In the Ubuntu repro setup case:

$ runc --version
runc version 1.0.0-rc4+dev
commit: 74a17296470088de3805e138d3d87c62e613dfc4
spec: 1.0.0
$ cri-containerd version
1.0.0-alpha.1-62-g6d4e41e

In the LinuxKit case runc is 0351df1c5a66838d0c392b4ac4cf9450de844e2d and cri-containerd is the same as above.

That's the runc which containerd beta.3 suggests and the latest cri-containerd.

[Random-Liu]

@ijc It's caused by this change kubernetes/kubernetes#52686.

It seems that with this change, Kubernetes <=1.8 won't work with new CRI container runtime.
@yujuhong Should we patch Kubernetes <=1.8, or should we update CRI version in 1.9 and behave differently in cri-containerd based on the version?

[Random-Liu]

@ijc I discussed with @yujuhong about this today.

It is a little bit hard to fix the version skew problem because we don't have a complete api machinery for CRI now.

Are you only trying out cri-containerd or there is some user need this fix?

• If it's the former, we could update Kubernetes version to a 1.9 tag version, such as https://github.com/kubernetes/kubernetes/releases/tag/v1.9.0-alpha.2. And we'll say newest cri-containerd only support 1.9+ in the newest release.
• If it's the latter, we do have an idea in mind to hack this around. Just want to avoid hack as much as possible. :)

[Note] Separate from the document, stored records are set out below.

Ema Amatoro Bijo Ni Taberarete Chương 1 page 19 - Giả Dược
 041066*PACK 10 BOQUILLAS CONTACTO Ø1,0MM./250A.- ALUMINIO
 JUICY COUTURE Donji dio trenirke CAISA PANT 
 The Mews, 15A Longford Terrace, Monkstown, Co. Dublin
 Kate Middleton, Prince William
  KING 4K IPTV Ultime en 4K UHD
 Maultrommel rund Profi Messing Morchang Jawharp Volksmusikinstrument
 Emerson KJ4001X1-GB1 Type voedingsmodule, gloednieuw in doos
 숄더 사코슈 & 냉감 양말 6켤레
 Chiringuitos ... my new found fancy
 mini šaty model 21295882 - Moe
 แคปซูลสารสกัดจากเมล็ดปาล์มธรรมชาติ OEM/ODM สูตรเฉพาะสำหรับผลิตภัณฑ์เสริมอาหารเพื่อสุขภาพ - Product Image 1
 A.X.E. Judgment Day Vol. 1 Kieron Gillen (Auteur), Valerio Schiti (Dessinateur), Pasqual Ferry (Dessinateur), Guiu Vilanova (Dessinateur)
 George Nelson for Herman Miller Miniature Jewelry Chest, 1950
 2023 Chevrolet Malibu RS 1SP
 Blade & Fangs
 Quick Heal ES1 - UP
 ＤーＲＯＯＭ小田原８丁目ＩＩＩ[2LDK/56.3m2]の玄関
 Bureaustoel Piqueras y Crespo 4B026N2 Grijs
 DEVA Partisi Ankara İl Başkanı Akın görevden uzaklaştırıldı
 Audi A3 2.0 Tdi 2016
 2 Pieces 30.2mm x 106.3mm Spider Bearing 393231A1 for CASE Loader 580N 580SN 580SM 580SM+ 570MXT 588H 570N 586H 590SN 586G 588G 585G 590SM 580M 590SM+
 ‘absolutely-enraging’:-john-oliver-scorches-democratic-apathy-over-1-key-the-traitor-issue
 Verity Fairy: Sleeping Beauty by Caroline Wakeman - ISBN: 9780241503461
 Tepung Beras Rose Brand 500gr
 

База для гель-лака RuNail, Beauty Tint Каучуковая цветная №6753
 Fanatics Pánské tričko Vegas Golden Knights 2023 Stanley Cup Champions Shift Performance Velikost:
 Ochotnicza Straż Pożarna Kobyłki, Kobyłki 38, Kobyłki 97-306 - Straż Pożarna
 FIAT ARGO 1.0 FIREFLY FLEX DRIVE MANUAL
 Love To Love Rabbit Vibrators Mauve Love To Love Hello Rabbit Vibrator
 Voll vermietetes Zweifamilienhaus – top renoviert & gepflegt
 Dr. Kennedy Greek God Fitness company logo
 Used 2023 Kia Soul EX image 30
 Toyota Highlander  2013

In the future their might be some other disruptive change in CRI. That's why we say CRI is still alpha. :)

[ijc]

A user mentioned it in #linuxkit (on the docker community slack). I understood it to just be something they noticed rather than a critical issue for them.

AIUI 1.9 alpha.0 is mid December and I suppose 1.9 proper will be early in the new year, so no need to hack around IMHO, it's not very long to wait (especially once various holidays are subtracted out).

Users who want a fully functioning system right now can always use the (non-alpha) Docker runtime. FWIW docker for mac with Kube integrated is using Docker right now, so we don't have a requirement from there yet.

[Random-Liu]

@ijc Thanks! I'll keep this issue open until we release the beta version. In the release note, we should point that out.

[Random-Liu]

@czm4514 The new cri-containerd will only work with Kubernetes 1.9 because of some CRI change kubernetes/kubernetes#52686.

What cri-containerd and kubernetes version are you using?

[ijc]

I updated Linuxkit to Kube v1.9.0 and cri-containerd beta.0 and can confirm that kubectl exec now works, thanks!